Home > Data > Content Analysis Results: Language identification 2017

Content Analysis Results: Language identification 2017

Thursday 15 March 2018, by Malek Hajjem

Results

Topics are a random selection of original microblogs posted in June 2016 without external links and with more then 80 characters.
Submissions and scores for the two best teams can be found here Syllabs and Lia.
The task paper can be found here

@inproceedings{DBLP:conf/clef/ErmakovaMS17,
  author    = {Liana Ermakova and
               Josiane Mothe and
               Eric SanJuan},
  title     = {{CLEF} 2017 Microblog Cultural Contextualization Content Analysis
               task Overview},
  booktitle = {Working Notes of {CLEF} 2017 - Conference and Labs of the Evaluation
               Forum, Dublin, Ireland, September 11-14, 2017.},
  year      = {2017},
  crossref  = {DBLP:conf/clef/2017w},
  url       = {http://ceur-ws.org/Vol-1866/invited_paper_14.pdf},
  timestamp = {Thu, 16 Nov 2017 14:36:59 +0100},
  biburl    = {https://dblp.org/rec/bib/conf/clef/ErmakovaMS17},
  bibsource = {dblp computer science bibliography, https://dblp.org}
}

Evaluation process

The Evaluation process detects the reliability of the language on Twitter.
In fact, Tweet objects have a long list of ‘root-level’ attributes, including fundamental attributes such as "lang". When present, this attribute indicates a BCP 47 language identifier corresponding to the machine-detected language from where the microblog was edited.
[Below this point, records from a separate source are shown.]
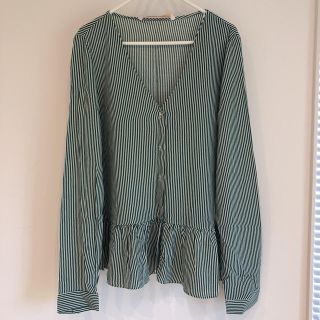 ザラ(ZARA)の♡rosenail様専用♡ZARA グリーン ストライプ ブラウス(シャツ/ブラウス(長袖/七分))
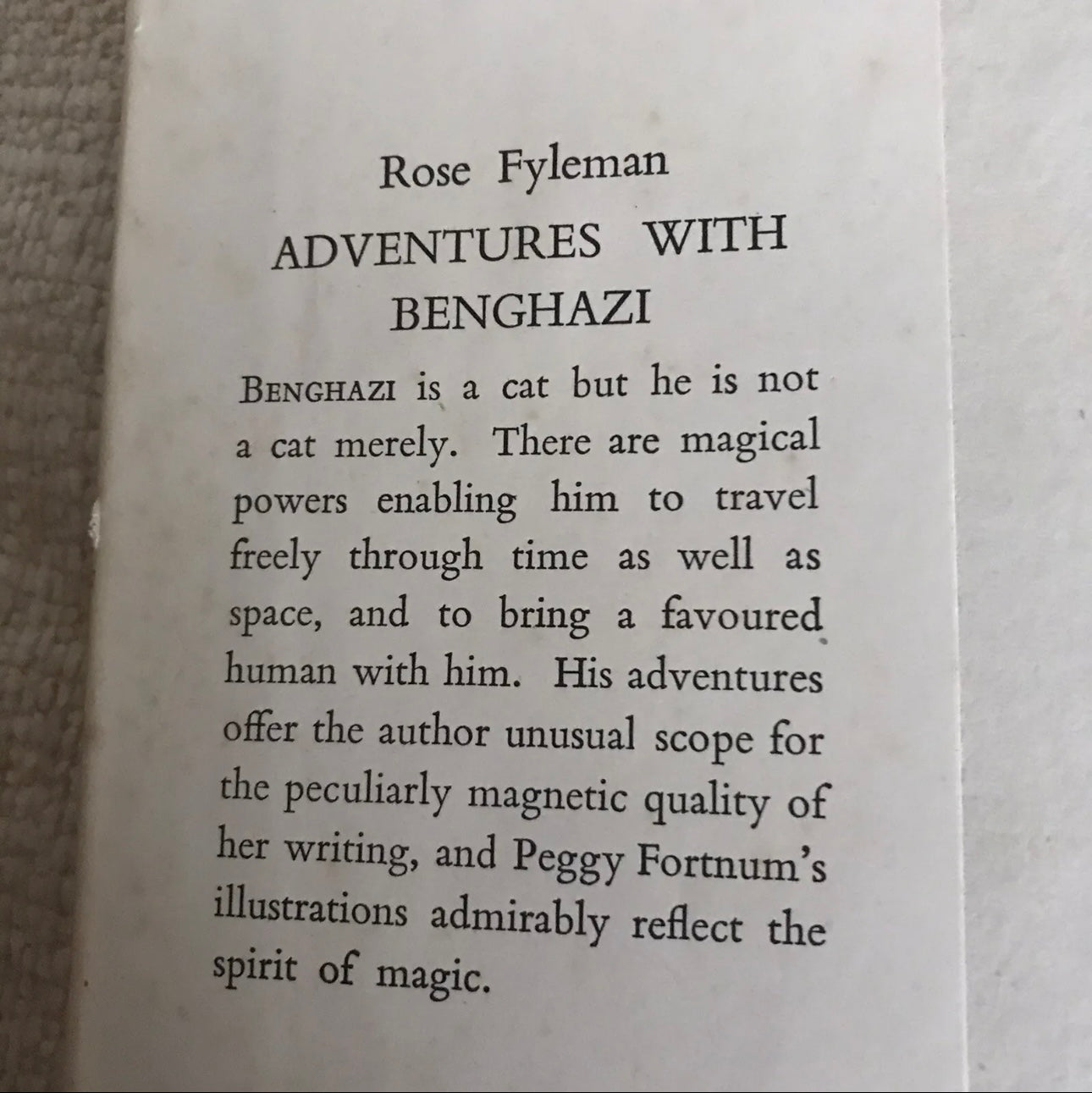 1946*1st* Adventures With Benghazi - Rose Fyleman (Peggy Fortnum)Eyre & Spottiswoode Honeyburn Books (UK)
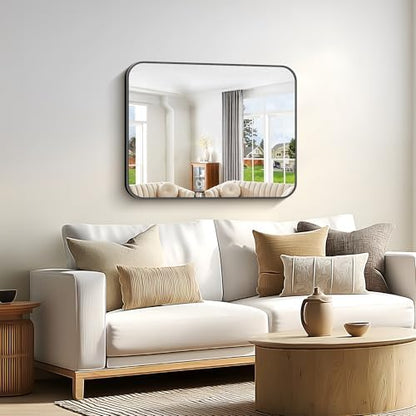 Bathroom Mirror, 30 x 24 inch Metal Framed Black Rectangle Mirror, Rounded Corner Rectangular Vanity Mirror, Wall Mounted Mirror for Modern Bedroom Living Room Hangs Horizontal or Vertical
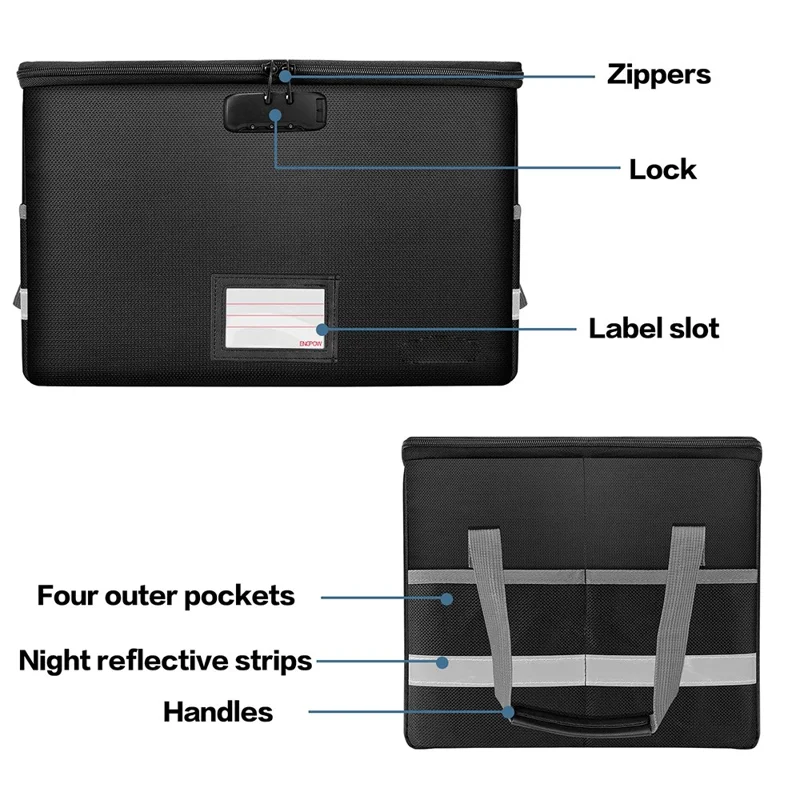 Waterproof Fireproof Storage Box with Lock Zipper Large Capacity Foldable Organizer Container for Home / Office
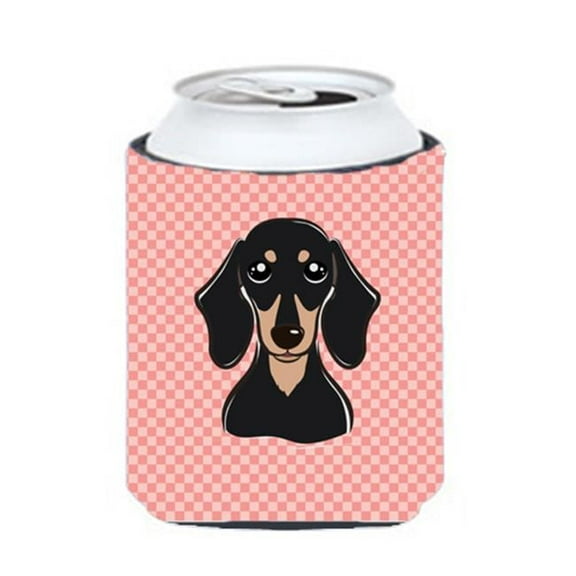 Checkerboard Pink Smooth Black And Tan Dachshund Can Or Bottle Hugger, 12 Oz.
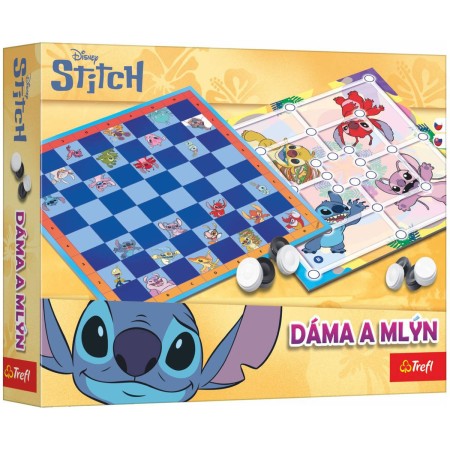 TREFL Hra Dáma a Mlýn Lilo a Stitch 2v1 *SPOLEČENSKÉ HRY*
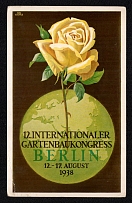 1938 '12th International Horticultural Congress Berlin 12-17 August 1938', Propaganda Postcard, Third Reich Nazi Germany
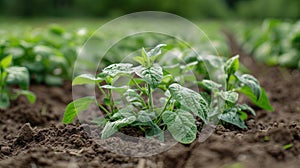 Abundant Potato Plants in a Lush Green Field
Obviously the machine-detected language may be different from the microblog langage.
Scores in this evaluation are assigned by a human expert. Only the tweets where the results of participants’ language detector systems differ from tweet’s "lang" attribute were examined. Tweets in several languages have a graduated score describing how much a language is present on it.